*** AVAILABLE DATA ***

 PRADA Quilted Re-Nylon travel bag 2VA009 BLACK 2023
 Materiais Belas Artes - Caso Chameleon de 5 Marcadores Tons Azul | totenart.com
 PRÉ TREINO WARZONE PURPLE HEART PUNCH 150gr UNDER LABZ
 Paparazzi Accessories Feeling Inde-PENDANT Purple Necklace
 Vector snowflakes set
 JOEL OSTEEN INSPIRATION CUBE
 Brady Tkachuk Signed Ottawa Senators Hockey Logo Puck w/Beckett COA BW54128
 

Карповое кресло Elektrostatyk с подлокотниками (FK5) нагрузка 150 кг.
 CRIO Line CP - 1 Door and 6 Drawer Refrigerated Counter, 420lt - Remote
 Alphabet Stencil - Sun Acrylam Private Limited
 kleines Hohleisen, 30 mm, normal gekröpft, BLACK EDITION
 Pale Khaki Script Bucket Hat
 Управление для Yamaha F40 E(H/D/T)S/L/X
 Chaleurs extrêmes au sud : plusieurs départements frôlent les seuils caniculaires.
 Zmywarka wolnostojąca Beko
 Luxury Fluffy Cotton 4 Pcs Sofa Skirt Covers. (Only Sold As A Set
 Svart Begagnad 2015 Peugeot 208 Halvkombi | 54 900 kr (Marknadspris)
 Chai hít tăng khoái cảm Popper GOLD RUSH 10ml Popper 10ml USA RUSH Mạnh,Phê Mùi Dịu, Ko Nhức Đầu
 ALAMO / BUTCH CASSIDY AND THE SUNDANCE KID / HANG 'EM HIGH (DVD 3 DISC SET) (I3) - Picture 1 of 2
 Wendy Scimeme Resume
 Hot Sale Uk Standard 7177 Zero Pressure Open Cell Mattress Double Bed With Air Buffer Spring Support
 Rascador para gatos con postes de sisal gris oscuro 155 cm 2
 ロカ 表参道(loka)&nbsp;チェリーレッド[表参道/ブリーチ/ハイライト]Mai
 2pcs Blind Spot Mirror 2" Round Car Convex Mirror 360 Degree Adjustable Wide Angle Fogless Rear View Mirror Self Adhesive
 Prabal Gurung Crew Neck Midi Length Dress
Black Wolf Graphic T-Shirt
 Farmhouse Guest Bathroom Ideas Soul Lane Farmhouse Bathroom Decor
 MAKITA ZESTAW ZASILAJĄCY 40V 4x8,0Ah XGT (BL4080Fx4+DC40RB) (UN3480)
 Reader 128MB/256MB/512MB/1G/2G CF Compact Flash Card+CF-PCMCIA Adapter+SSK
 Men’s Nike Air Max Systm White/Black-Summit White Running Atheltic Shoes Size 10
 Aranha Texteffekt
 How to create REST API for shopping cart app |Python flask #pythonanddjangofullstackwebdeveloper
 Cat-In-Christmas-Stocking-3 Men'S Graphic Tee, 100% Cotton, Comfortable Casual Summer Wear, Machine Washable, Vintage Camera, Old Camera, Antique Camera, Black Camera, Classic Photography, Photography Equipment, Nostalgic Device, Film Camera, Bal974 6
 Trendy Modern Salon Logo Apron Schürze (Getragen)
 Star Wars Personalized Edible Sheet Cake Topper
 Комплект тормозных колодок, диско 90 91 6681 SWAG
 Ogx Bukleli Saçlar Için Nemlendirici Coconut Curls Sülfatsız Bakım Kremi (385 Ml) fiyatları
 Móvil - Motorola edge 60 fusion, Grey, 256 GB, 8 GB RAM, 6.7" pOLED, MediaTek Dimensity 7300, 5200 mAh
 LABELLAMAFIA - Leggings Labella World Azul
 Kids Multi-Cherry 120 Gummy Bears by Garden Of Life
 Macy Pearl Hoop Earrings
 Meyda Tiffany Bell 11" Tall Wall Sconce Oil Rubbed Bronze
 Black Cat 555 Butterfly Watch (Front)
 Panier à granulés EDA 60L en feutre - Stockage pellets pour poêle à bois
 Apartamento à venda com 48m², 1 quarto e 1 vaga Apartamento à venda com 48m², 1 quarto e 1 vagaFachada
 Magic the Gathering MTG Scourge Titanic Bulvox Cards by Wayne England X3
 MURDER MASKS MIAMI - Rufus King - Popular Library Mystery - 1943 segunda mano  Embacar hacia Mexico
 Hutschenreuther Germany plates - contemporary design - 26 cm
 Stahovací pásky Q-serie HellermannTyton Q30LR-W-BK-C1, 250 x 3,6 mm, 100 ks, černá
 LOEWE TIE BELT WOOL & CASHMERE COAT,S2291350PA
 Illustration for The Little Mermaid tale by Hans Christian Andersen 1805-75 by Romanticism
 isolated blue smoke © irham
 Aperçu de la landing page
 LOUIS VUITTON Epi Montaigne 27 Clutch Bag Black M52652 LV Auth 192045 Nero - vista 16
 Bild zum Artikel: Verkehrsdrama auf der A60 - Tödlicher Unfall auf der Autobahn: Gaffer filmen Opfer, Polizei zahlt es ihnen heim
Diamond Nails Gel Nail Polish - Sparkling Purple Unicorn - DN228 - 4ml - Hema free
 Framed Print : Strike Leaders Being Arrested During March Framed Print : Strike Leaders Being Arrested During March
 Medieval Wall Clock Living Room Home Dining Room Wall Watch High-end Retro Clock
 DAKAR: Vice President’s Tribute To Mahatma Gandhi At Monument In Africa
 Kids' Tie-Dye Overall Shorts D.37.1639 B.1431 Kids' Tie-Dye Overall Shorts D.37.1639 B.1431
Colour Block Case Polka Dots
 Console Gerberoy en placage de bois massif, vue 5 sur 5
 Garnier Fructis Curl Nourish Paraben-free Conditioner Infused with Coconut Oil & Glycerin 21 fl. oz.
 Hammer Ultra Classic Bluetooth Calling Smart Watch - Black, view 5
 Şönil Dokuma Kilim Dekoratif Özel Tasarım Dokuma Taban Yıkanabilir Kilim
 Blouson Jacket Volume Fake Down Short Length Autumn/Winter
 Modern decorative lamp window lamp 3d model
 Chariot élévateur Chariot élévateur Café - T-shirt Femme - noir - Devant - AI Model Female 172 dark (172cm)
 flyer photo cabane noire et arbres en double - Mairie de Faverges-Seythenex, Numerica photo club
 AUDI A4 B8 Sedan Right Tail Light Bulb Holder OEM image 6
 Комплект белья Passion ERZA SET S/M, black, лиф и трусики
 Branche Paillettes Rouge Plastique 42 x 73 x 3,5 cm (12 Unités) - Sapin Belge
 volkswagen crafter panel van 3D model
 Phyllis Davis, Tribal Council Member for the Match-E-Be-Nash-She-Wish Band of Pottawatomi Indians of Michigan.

***

* _EXERCISE OBJECTIVE_
Write out the material again, matching every line.

* _RESULT FOR THIS TASK_
 PRADA Quilted Re-Nylon travel bag 2VA009 BLACK 2023
 Materiais Belas Artes - Caso Chameleon de 5 Marcadores Tons Azul | totenart.com
 PRÉ TREINO WARZONE PURPLE HEART PUNCH 150gr UNDER LABZ
 Paparazzi Accessories Feeling Inde-PENDANT Purple Necklace
 Vector snowflakes set
 JOEL OSTEEN INSPIRATION CUBE
 Brady Tkachuk Signed Ottawa Senators Hockey Logo Puck w/Beckett COA BW54128
 

Карповое кресло Elektrostatyk с подлокотниками (FK5) нагрузка 150 кг.
 CRIO Line CP - 1 Door and 6 Drawer Refrigerated Counter, 420lt - Remote
 Alphabet Stencil - Sun Acrylam Private Limited
 kleines Hohleisen, 30 mm, normal gekröpft, BLACK EDITION
 Pale Khaki Script Bucket Hat
 Управление для Yamaha F40 E(H/D/T)S/L/X
 Chaleurs extrêmes au sud : plusieurs départements frôlent les seuils caniculaires.
 Zmywarka wolnostojąca Beko
 Luxury Fluffy Cotton 4 Pcs Sofa Skirt Covers. (Only Sold As A Set
 Svart Begagnad 2015 Peugeot 208 Halvkombi | 54 900 kr (Marknadspris)
 Chai hít tăng khoái cảm Popper GOLD RUSH 10ml Popper 10ml USA RUSH Mạnh,Phê Mùi Dịu, Ko Nhức Đầu
 ALAMO / BUTCH CASSIDY AND THE SUNDANCE KID / HANG 'EM HIGH (DVD 3 DISC SET) (I3) - Picture 1 of 2
 Wendy Scimeme Resume
 Hot Sale Uk Standard 7177 Zero Pressure Open Cell Mattress Double Bed With Air Buffer Spring Support
 Rascador para gatos con postes de sisal gris oscuro 155 cm 2
 ロカ 表参道(loka)&nbsp;チェリーレッド[表参道/ブリーチ/ハイライト]Mai
 2pcs Blind Spot Mirror 2" Round Car Convex Mirror 360 Degree Adjustable Wide Angle Fogless Rear View Mirror Self Adhesive
 Prabal Gurung Crew Neck Midi Length Dress
Black Wolf Graphic T-Shirt
 Farmhouse Guest Bathroom Ideas Soul Lane Farmhouse Bathroom Decor
 MAKITA ZESTAW ZASILAJĄCY 40V 4x8,0Ah XGT (BL4080Fx4+DC40RB) (UN3480)
 Reader 128MB/256MB/512MB/1G/2G CF Compact Flash Card+CF-PCMCIA Adapter+SSK
 Men’s Nike Air Max Systm White/Black-Summit White Running Atheltic Shoes Size 10
 Aranha Texteffekt
 How to create REST API for shopping cart app |Python flask #pythonanddjangofullstackwebdeveloper
 Cat-In-Christmas-Stocking-3 Men'S Graphic Tee, 100% Cotton, Comfortable Casual Summer Wear, Machine Washable, Vintage Camera, Old Camera, Antique Camera, Black Camera, Classic Photography, Photography Equipment, Nostalgic Device, Film Camera, Bal974 6
 Trendy Modern Salon Logo Apron Schürze (Getragen)
 Star Wars Personalized Edible Sheet Cake Topper
 Комплект тормозных колодок, диско 90 91 6681 SWAG
 Ogx Bukleli Saçlar Için Nemlendirici Coconut Curls Sülfatsız Bakım Kremi (385 Ml) fiyatları
 Móvil - Motorola edge 60 fusion, Grey, 256 GB, 8 GB RAM, 6.7" pOLED, MediaTek Dimensity 7300, 5200 mAh
 LABELLAMAFIA - Leggings Labella World Azul
 Kids Multi-Cherry 120 Gummy Bears by Garden Of Life
 Macy Pearl Hoop Earrings
 Meyda Tiffany Bell 11" Tall Wall Sconce Oil Rubbed Bronze
 Black Cat 555 Butterfly Watch (Front)
 Panier à granulés EDA 60L en feutre - Stockage pellets pour poêle à bois
 Apartamento à venda com 48m², 1 quarto e 1 vaga Apartamento à venda com 48m², 1 quarto e 1 vagaFachada
 Magic the Gathering MTG Scourge Titanic Bulvox Cards by Wayne England X3
 MURDER MASKS MIAMI - Rufus King - Popular Library Mystery - 1943 segunda mano  Embacar hacia Mexico
 Hutschenreuther Germany plates - contemporary design - 26 cm
 Stahovací pásky Q-serie HellermannTyton Q30LR-W-BK-C1, 250 x 3,6 mm, 100 ks, černá
 LOEWE TIE BELT WOOL & CASHMERE COAT,S2291350PA
 Illustration for The Little Mermaid tale by Hans Christian Andersen 1805-75 by Romanticism
 isolated blue smoke © irham
 Aperçu de la landing page
 LOUIS VUITTON Epi Montaigne 27 Clutch Bag Black M52652 LV Auth 192045 Nero - vista 16
 Bild zum Artikel: Verkehrsdrama auf der A60 - Tödlicher Unfall auf der Autobahn: Gaffer filmen Opfer, Polizei zahlt es ihnen heim
Diamond Nails Gel Nail Polish - Sparkling Purple Unicorn - DN228 - 4ml - Hema free
 Framed Print : Strike Leaders Being Arrested During March Framed Print : Strike Leaders Being Arrested During March
 Medieval Wall Clock Living Room Home Dining Room Wall Watch High-end Retro Clock
 DAKAR: Vice President’s Tribute To Mahatma Gandhi At Monument In Africa
 Kids' Tie-Dye Overall Shorts D.37.1639 B.1431 Kids' Tie-Dye Overall Shorts D.37.1639 B.1431
Colour Block Case Polka Dots
 Console Gerberoy en placage de bois massif, vue 5 sur 5
 Garnier Fructis Curl Nourish Paraben-free Conditioner Infused with Coconut Oil & Glycerin 21 fl. oz.
 Hammer Ultra Classic Bluetooth Calling Smart Watch - Black, view 5
 Şönil Dokuma Kilim Dekoratif Özel Tasarım Dokuma Taban Yıkanabilir Kilim
 Blouson Jacket Volume Fake Down Short Length Autumn/Winter
 Modern decorative lamp window lamp 3d model
 Chariot élévateur Chariot élévateur Café - T-shirt Femme - noir - Devant - AI Model Female 172 dark (172cm)
 flyer photo cabane noire et arbres en double - Mairie de Faverges-Seythenex, Numerica photo club
 AUDI A4 B8 Sedan Right Tail Light Bulb Holder OEM image 6
 Комплект белья Passion ERZA SET S/M, black, лиф и трусики
 Branche Paillettes Rouge Plastique 42 x 73 x 3,5 cm (12 Unités) - Sapin Belge
 volkswagen crafter panel van 3D model
 Phyllis Davis, Tribal Council Member for the Match-E-Be-Nash-She-Wish Band of Pottawatomi Indians of Michigan.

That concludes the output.